Jadi, semakin kuat minuman keras itu, semakin itu dapat mewakili status sebuah kawanan.

"Nick, keponakanku yang baik, datanglah bicara denganku," kata ayah sambil turun dari tangga dan menepuk bahu Nick. Dia melirikku, yang membeku di satu sisi, dan berkata dengan tidak sabar, "Bernice membutuhkan bantuan. Pergilah ke atas dan bantu dia.

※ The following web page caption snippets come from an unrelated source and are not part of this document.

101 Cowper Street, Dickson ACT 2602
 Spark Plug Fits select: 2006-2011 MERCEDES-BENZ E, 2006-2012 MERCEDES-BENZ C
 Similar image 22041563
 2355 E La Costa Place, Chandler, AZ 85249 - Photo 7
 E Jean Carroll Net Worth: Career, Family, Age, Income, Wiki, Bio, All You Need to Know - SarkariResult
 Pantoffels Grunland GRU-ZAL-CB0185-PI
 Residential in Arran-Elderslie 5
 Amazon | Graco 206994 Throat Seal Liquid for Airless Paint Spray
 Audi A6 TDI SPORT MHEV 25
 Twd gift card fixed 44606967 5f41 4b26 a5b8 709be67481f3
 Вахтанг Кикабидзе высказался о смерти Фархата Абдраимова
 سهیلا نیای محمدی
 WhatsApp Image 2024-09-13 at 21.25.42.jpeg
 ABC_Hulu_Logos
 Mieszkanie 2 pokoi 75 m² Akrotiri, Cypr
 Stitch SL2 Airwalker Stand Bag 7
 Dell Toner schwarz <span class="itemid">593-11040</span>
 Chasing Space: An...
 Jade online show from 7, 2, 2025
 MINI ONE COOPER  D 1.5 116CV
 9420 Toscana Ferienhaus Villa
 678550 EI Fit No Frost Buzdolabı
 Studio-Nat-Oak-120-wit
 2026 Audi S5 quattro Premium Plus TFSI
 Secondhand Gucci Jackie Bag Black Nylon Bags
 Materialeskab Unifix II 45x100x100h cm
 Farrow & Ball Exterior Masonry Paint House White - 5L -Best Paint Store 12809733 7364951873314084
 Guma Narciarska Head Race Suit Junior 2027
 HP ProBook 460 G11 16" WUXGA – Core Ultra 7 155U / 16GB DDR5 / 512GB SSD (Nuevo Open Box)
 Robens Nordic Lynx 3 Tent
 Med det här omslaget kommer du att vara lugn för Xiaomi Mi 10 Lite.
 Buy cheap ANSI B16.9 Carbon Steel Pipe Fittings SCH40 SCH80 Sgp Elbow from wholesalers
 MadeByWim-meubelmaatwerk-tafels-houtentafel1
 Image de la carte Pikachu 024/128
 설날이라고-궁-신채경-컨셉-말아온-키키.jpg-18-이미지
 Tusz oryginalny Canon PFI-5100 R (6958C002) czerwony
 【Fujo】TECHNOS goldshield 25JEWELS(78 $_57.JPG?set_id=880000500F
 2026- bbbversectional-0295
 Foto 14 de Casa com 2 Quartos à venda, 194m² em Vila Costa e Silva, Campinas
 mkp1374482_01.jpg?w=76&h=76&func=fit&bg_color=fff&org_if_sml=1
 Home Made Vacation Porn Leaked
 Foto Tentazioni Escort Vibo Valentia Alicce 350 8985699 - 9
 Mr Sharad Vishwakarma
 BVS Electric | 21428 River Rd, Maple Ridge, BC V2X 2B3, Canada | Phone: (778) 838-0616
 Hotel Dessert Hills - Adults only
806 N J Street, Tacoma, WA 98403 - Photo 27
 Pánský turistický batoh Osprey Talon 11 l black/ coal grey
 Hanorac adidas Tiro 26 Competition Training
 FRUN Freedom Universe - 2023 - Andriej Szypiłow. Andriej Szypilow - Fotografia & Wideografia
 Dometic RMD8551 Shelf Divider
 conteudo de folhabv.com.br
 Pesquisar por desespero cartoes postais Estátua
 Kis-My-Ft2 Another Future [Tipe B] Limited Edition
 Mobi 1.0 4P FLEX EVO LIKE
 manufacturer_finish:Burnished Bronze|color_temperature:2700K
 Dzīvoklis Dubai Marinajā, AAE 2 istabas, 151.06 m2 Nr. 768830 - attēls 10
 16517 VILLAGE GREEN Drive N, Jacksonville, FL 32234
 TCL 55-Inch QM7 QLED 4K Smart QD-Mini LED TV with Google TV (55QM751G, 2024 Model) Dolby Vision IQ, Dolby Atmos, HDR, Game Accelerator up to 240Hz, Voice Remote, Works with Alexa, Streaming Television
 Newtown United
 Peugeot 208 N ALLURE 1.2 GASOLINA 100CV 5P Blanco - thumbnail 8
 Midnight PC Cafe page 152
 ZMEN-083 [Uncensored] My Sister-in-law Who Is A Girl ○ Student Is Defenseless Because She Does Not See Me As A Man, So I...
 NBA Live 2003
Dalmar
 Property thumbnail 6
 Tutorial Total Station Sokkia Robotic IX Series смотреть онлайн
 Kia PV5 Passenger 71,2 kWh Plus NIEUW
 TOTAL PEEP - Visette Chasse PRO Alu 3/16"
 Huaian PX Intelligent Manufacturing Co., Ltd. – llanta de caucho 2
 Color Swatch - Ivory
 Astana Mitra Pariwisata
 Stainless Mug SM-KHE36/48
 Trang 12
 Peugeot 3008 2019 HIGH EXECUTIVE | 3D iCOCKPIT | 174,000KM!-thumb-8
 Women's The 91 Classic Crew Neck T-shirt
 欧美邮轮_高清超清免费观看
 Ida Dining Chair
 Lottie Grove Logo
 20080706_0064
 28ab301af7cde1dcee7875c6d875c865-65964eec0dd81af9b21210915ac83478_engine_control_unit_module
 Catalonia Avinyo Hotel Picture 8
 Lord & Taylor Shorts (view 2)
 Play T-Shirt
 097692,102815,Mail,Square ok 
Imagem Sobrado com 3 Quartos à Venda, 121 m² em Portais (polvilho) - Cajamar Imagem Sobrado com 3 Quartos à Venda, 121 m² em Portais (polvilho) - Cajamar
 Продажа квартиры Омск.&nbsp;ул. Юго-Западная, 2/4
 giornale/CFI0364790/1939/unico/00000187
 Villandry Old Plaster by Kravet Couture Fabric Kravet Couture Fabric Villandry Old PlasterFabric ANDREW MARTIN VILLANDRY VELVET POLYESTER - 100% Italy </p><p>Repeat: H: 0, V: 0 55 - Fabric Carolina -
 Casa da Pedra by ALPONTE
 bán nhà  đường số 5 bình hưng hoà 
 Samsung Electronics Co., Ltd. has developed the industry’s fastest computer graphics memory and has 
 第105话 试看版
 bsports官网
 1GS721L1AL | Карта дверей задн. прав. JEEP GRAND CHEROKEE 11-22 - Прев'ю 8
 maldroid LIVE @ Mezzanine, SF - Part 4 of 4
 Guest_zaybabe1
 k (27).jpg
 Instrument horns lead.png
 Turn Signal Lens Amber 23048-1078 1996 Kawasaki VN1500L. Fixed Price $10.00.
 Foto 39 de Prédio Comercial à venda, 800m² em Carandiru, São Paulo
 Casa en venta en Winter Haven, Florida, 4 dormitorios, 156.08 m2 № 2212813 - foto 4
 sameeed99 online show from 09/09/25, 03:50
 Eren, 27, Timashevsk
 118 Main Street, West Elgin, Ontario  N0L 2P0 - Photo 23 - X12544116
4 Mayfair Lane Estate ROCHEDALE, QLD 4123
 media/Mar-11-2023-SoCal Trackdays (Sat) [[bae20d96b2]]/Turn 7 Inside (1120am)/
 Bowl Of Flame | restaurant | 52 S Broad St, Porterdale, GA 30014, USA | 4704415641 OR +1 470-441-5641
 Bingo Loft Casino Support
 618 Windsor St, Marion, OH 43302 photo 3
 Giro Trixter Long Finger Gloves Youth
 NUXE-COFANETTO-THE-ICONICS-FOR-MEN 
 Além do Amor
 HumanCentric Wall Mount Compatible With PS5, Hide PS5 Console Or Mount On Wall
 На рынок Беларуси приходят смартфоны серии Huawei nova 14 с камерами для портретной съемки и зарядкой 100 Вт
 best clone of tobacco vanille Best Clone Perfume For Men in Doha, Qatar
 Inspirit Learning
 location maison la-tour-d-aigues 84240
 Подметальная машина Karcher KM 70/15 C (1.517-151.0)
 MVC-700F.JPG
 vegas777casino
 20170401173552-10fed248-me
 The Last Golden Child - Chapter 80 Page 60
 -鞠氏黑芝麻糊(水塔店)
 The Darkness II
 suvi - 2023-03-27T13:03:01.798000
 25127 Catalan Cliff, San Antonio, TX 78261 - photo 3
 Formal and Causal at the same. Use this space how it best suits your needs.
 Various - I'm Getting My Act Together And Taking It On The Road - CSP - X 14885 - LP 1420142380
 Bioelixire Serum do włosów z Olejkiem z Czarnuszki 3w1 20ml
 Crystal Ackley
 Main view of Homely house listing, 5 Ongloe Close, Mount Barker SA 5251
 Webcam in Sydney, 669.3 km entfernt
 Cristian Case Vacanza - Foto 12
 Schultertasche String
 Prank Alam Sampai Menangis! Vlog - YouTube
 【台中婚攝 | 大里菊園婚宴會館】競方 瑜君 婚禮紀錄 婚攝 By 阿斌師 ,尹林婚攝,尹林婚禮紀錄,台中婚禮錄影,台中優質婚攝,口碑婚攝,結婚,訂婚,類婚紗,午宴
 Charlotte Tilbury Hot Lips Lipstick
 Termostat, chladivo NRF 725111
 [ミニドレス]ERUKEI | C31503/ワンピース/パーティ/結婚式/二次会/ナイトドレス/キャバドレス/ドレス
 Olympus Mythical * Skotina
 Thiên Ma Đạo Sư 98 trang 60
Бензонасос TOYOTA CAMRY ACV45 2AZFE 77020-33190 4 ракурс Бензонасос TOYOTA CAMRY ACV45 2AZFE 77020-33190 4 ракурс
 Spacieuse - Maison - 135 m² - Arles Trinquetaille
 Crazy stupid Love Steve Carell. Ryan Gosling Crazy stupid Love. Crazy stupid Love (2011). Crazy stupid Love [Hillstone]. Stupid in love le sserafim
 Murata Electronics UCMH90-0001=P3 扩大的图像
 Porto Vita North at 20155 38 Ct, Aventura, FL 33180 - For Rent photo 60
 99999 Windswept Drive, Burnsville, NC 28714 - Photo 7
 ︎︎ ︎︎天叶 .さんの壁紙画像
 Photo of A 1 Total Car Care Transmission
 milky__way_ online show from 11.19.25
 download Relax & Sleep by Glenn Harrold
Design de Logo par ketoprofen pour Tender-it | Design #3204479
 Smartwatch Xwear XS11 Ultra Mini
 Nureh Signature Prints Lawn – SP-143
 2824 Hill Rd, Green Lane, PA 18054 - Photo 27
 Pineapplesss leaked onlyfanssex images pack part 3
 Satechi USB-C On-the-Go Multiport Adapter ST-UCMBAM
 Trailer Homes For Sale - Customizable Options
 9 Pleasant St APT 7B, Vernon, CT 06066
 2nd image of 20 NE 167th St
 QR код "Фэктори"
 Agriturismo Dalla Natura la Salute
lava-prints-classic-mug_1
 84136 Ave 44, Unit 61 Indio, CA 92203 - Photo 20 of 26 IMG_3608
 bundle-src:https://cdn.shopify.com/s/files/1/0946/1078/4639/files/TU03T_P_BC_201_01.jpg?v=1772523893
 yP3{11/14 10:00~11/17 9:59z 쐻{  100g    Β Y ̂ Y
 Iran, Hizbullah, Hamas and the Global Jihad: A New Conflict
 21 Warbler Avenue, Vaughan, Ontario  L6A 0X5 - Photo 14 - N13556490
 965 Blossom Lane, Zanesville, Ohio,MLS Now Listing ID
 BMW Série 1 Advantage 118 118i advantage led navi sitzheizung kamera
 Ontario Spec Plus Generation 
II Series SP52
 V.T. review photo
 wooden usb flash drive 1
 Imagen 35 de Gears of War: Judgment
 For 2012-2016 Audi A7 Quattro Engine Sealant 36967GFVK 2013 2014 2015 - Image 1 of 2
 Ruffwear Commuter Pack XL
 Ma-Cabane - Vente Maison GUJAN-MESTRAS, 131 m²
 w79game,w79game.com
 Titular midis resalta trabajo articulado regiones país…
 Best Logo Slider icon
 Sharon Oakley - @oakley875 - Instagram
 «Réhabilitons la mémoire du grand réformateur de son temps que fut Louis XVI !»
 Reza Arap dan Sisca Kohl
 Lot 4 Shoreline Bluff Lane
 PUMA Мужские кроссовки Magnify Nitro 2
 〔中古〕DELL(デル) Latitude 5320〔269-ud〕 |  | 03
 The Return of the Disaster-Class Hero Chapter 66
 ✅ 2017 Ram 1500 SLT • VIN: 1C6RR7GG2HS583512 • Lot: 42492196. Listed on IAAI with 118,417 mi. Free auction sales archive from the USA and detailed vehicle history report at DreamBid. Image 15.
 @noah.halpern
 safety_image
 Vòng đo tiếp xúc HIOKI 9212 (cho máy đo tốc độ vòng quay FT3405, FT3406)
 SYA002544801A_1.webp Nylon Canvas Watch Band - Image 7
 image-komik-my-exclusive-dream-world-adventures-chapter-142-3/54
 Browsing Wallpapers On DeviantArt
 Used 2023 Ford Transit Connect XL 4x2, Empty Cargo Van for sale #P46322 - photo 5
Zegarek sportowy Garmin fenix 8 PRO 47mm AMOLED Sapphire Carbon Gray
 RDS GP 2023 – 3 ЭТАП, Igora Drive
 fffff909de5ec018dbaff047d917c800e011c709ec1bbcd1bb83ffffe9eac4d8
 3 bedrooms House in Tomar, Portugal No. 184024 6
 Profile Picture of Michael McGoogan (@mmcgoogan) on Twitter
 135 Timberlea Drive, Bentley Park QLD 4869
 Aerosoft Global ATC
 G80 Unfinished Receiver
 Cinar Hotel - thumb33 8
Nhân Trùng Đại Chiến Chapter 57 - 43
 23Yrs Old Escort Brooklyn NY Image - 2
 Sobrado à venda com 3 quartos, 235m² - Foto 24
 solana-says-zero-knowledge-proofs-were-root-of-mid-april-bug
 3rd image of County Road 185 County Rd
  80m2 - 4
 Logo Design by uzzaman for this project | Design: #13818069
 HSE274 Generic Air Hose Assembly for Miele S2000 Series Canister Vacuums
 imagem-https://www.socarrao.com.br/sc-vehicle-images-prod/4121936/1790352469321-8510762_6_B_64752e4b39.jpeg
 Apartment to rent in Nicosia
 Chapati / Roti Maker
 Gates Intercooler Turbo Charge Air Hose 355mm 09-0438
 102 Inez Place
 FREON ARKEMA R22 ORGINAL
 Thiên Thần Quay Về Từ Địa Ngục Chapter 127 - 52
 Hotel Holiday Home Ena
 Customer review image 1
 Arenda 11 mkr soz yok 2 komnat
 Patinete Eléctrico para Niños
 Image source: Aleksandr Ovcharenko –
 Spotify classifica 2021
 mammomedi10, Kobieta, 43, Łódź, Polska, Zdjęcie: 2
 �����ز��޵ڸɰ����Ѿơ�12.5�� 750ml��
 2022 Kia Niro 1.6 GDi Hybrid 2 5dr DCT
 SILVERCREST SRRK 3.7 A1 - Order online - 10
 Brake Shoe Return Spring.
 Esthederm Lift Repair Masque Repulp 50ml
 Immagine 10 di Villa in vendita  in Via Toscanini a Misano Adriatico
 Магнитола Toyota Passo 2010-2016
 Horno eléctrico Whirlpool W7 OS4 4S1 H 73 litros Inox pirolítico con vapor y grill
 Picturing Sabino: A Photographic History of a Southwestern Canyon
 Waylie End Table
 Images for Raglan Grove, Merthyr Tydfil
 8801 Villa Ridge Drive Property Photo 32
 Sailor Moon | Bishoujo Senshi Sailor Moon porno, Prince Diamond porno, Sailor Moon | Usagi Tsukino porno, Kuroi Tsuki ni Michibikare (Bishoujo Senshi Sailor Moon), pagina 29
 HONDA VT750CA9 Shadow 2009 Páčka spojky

Jangan membuat dirimu memalukan di sini."

"Ya, Alpha." Aku menelan ludah, menahan emosi di tenggorokanku, lalu berbalik pergi.

Saat aku melewati Nick, dia memandangku dengan seringai dan berkata, "Kuharap kamu tidur nyenyak tadi malam, Delia sayang."

Kejahatan di matanya membuat bulu kudukku merinding.

Aku mengertakkan gigi, menegakkan kepala, pura-pura tidak tahu apa-apa, dan berjalan menaiki tangga.

Tok, Tok.

Aku menarik napas dalam-dalam dan mengetuk pintu Bernice.

"Hah? Mengapa ayah mengutusmu?" Bernice duduk di meja rias dekat jendela. Dayang sedang menyisir rambutnya, dan di depannya terdapat kotak-kotak perhiasan, mutiara, berlian, emas, dan amber yang berkilauan di bawah sinar pagi.

"Ya. Alpha mengutusku." Aku mencoba terdengar biasa.

"Oh, lihat dirimu. Kau pantas berada di kamarku?" kata Bernice dengan suara tinggi, mengedipkan sudut matanya. Dia tampaknya melupakan bahwa itu adalah ember berisi air dinginnya yang membuatku seperti ini.

"Apa yang akan kau lakukan?" Aku tak yakin dia akan membiarkanku pergi. Dia hanya akan mencoba mempermalukanku.

"Lepaskan pakaian dan sepatu kotormu. Datanglah dan layani aku dengan sepatu hak baruku yang dibuat khusus." Dia mengangkat kakinya di atas selimut wol, tersenyum, dan menjulurkan dagunya, memandangku dengan penuh keangkuhan.